[[ SOURCE DATA open ]]

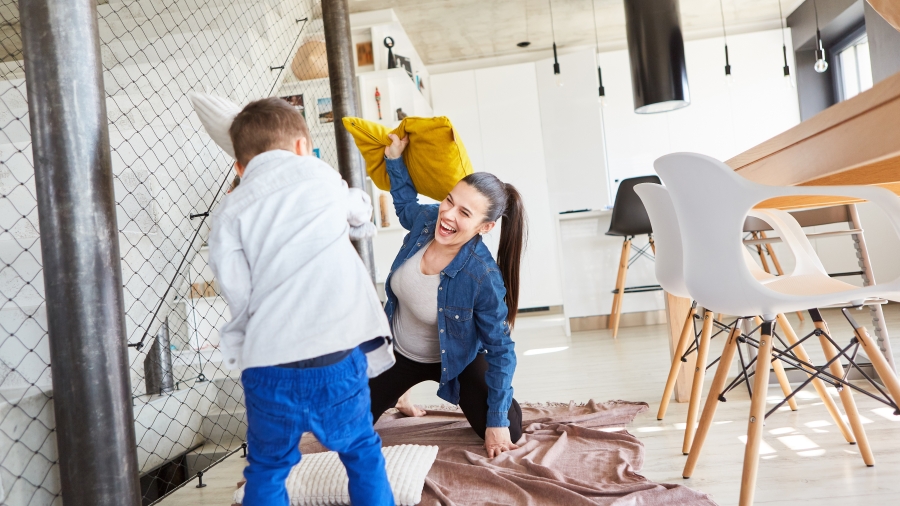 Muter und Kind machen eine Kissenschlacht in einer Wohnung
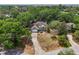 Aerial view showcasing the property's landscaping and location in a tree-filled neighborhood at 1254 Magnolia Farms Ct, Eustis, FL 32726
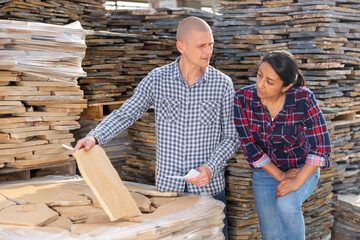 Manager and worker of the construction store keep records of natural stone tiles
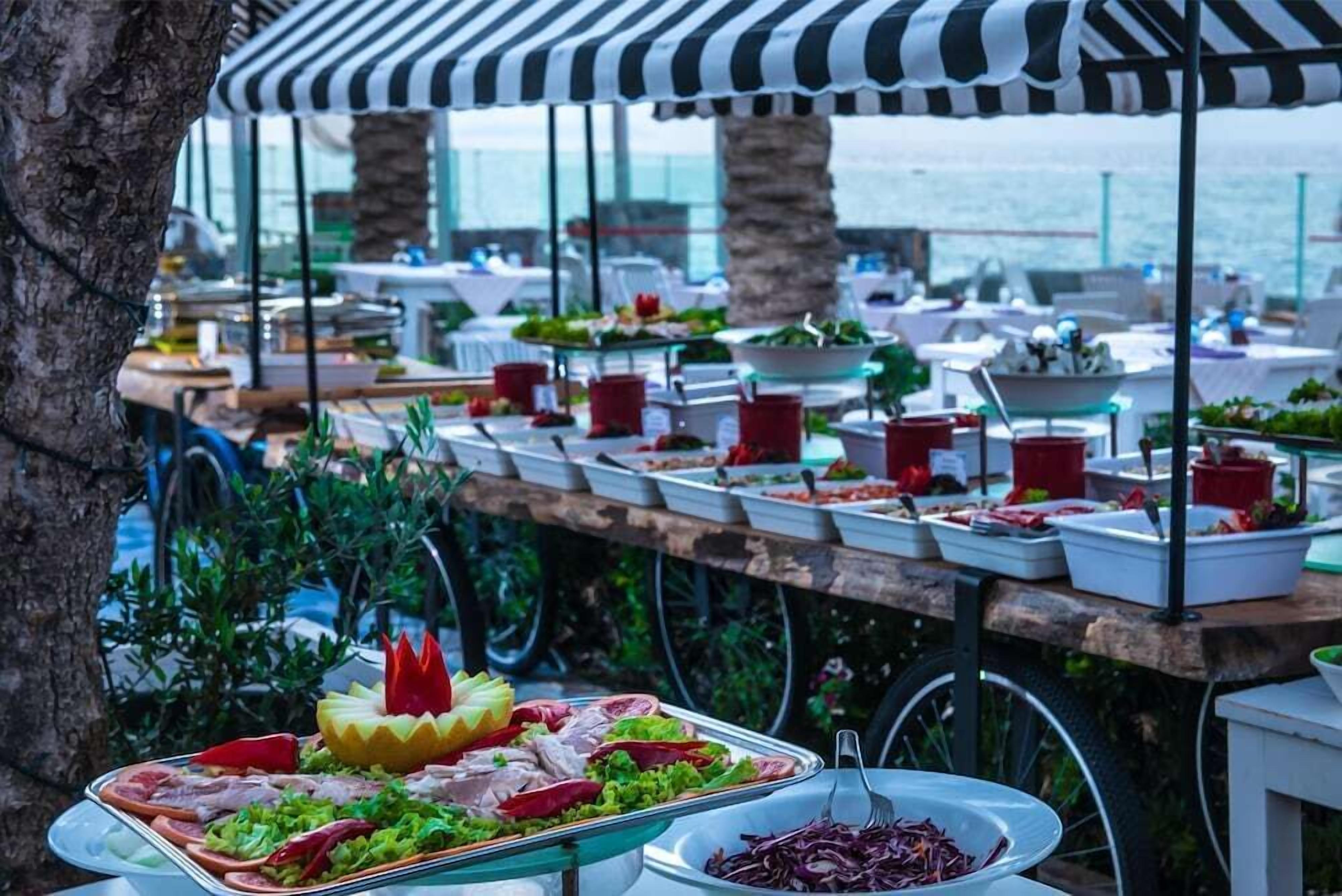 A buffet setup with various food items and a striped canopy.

[[ SOURCE DATA closed ]]

WHAT THE TASK ASKS
Nothing but the lines from the line with "Aerial view showcasing" through the end of the listing should appear in the answer, each duplicated exactly, without pictures.

WRITTEN ANSWER
 Aerial view showcasing the property's landscaping and location in a tree-filled neighborhood at 1254 Magnolia Farms Ct, Eustis, FL 32726
 Manager and worker of the construction store keep records of natural stone tiles
 A buffet setup with various food items and a striped canopy.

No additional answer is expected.